RAW DATA:

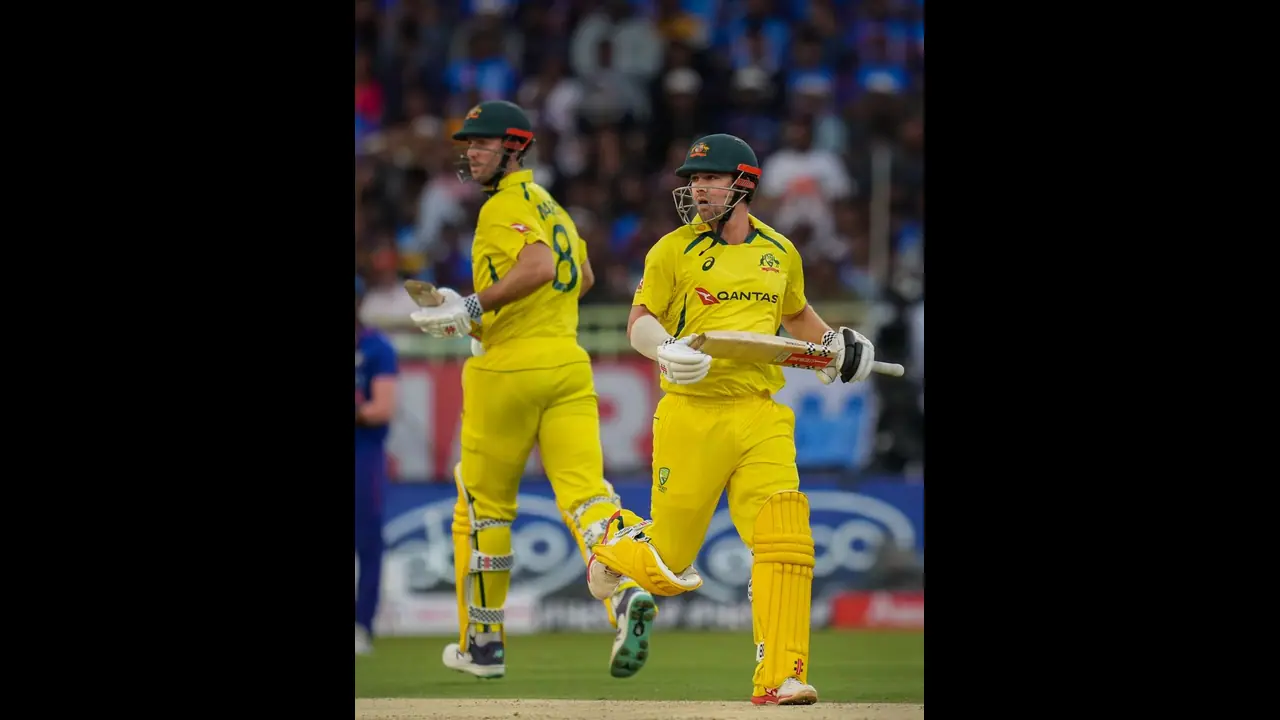 ஒருத்தர் கூட 50 ரன்கள் அடிக்கல, ஆனாலும், 269 ரன்கள் குவித்து ஆஸ்திரேலியா 2ஆவது இடம்!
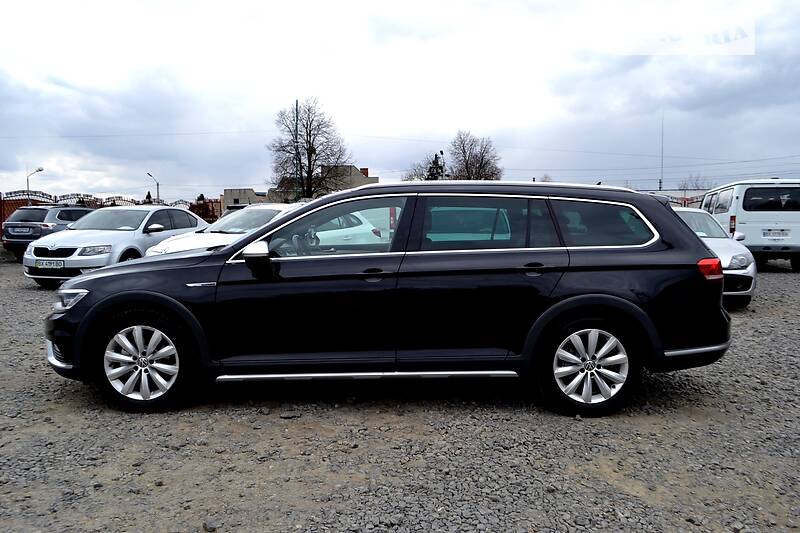 Универсал Volkswagen Passat Alltrack 2017 в Хмельницком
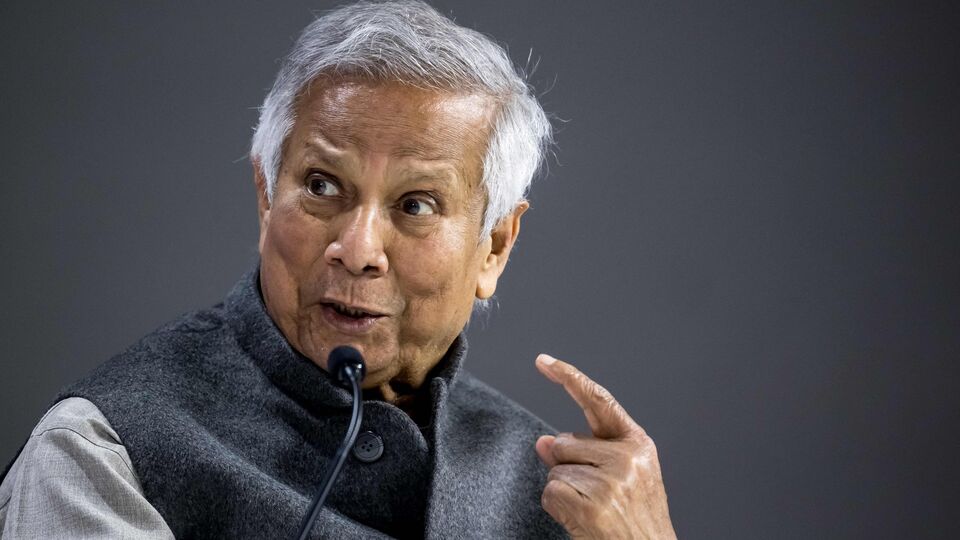 এদিকে জাতীয় নাগরিক পার্টির উত্তরাঞ্চলের মুখ্য সংগঠক সারজিস আলম আবার ফেসবুক পোস্টে লেখেন, '৮ অগস্ট দ্বিতীয় স্বাধীনতা শুরু হয়নি। বরং সেদিন দ্বিতীয় স্বাধীনতা নষ্টের, ছাড় দেওয়ার এবং বিপ্লব বেহাতের কর্মযজ্ঞ শুরু হয়েছিল। ৫ অগস্ট ‘জুলাই গণঅভ্যুত্থান দিবস’ এবং ‘দ্বিতীয় স্বাধীনতা দিবস।' (AFP)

WHAT THE TASK REQUIRES: Pictures aside, return all of the material exactly as written.

RESPONSE TO THIS TASK:
 ஒருத்தர் கூட 50 ரன்கள் அடிக்கல, ஆனாலும், 269 ரன்கள் குவித்து ஆஸ்திரேலியா 2ஆவது இடம்!
 Универсал Volkswagen Passat Alltrack 2017 в Хмельницком
 এদিকে জাতীয় নাগরিক পার্টির উত্তরাঞ্চলের মুখ্য সংগঠক সারজিস আলম আবার ফেসবুক পোস্টে লেখেন, '৮ অগস্ট দ্বিতীয় স্বাধীনতা শুরু হয়নি। বরং সেদিন দ্বিতীয় স্বাধীনতা নষ্টের, ছাড় দেওয়ার এবং বিপ্লব বেহাতের কর্মযজ্ঞ শুরু হয়েছিল। ৫ অগস্ট ‘জুলাই গণঅভ্যুত্থান দিবস’ এবং ‘দ্বিতীয় স্বাধীনতা দিবস।' (AFP)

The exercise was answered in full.